The study exposed 15 rats to traditional cigarette smoke and 15 rats to e-cigarette vapor for 30 minutes twice a day for 30 days.5 Fifteen rats were left as controls, with no cigarette exposure. After 30 days, a piece of tissue was removed from the rodents’ backs and surgically reattached to simulate a surgical procedure. Rodents exposed to cigarettes and e-cigarettes saw more tissue death in the wound than controls, indicating that the wound healing process was impaired. Changes in vascular function and blood flow to the wound, likely caused by the nicotine in both products, might have contributed to that complication.

While this study was conducted on rodents, and it’s unclear how vaping and e-cigarettes affect wound healing in humans, Spiegel said he would expect the impairment would remain. “You can’t be certain,” he said,. “but it’s a compelling argument. I think the detrimental effects of cigarettes are similiar, so it crosses over.”

If vaping impacts wound healing, that would also have repercussions for athletic performance, Spiegel noted. Sports injuries may take longer to heal if the impairment proves significant, such as fractures, muscle tears, or other problems. In addition, working to build muscle is a constant cycle of micro-injuries. Exercise causes microscopic tears in muscle fibers, which heal to regrow stronger. “If vaping interferes with the body’s ability to heal, it would interfere with the athlete’s ability to train well or reap the benefits of training,” Spiegel said. “It’s the same way for people with bad diabetes, or an autoimmune disease, or anything that interferes with their ability to heal. We can’t expect them to be able to reach the types of performance of an elite athlete.”

Research on vaping is still in early stages, Spiegel noted, and there are still open questions about the product’s impact on human health and performance. Continued regulatory and legislative action on vaporizer products and e-cigarettes, however, might restrict their use significantly. “It may be that additional research into vaping becomes less valuable, because it’s going to be uncommon soon,” he said.

But until that point, athletic organizations and experts working with young athletes need to keep an eye on their use, according to Veliz. “I don’t know if it’s 100% on their radar. It took a while for them to, for example, start thinking about prescription painkillers. But I do think it’s starting to pick up traction.”

REFERENCES
  1. Veliz PT, Boyd CJ, McCabe SE. Competitive sport involvement and substance use among adolescents: a nationwide study. Subst Use Misuse. 2015;50:156-65.
  2. Veliz P et al.
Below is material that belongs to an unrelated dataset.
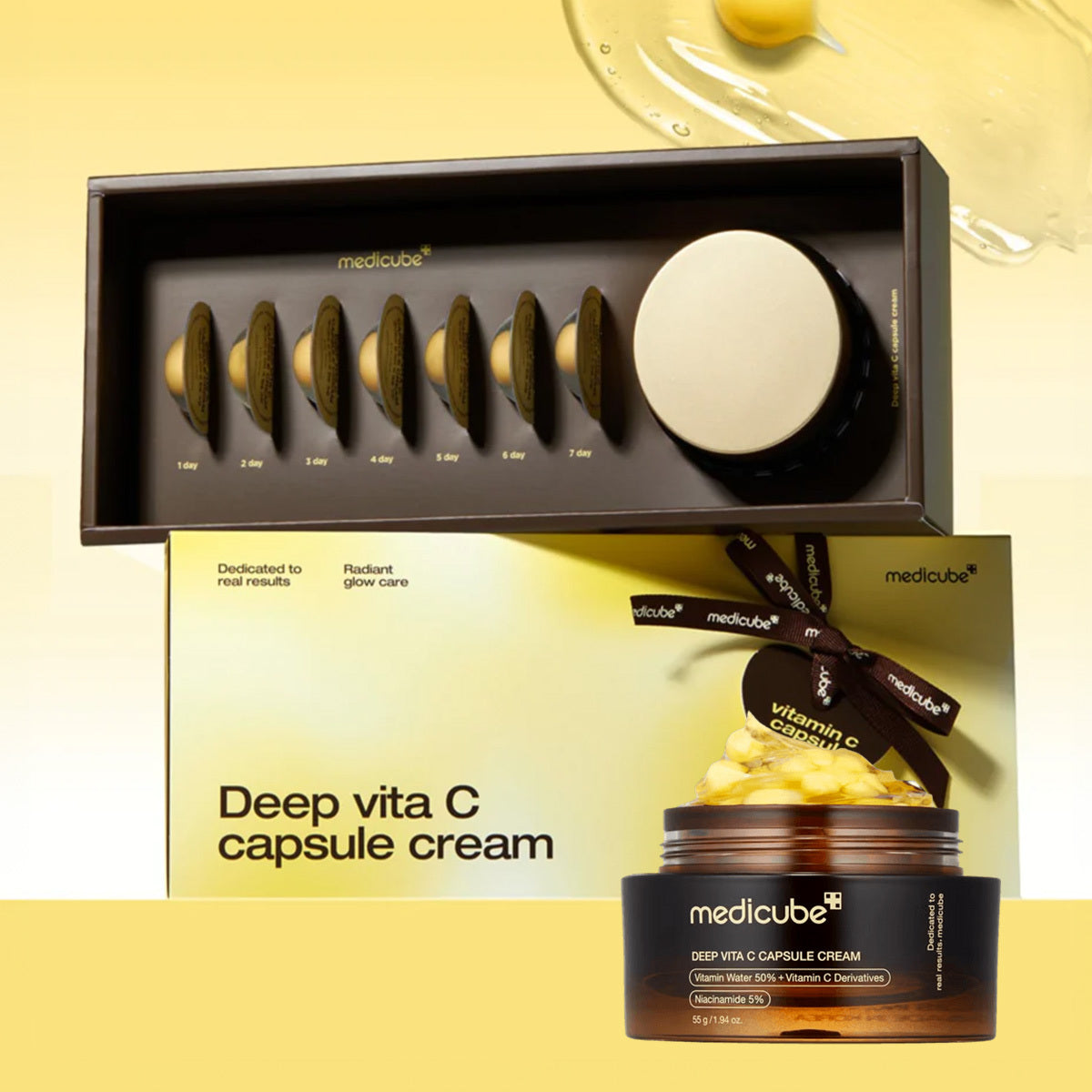 *SUPER PRECIO*[Pack especial] Medicube Deep Vita C Capsule Cream Set (Crema 55ml 1ea + Sample 7ea)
Adolescent sports participation, e-cigarette use, and cigarette smoking. Am J Prev Med. 2017;53:e175-e183.
  3. Carnevale R, et al. Acute impact of tobacco vs electronic cigarette smoking on oxidative stress and vascular function. Chest. 2016;150:606-12.
  4. Caporale A, et al. Acute effects of electronic cigarette aerosol inhalation on vascular function detected at quantitative MRI. Radiology. 2019;293:1-10.
  5. Troiano C, Jaleel Z, Spiegel JH. Association of electronic cigarette vaping and cigarette smoking with decreased random flap viability in rats. JAMA Facial Plast Surg. 2019;21:5-10.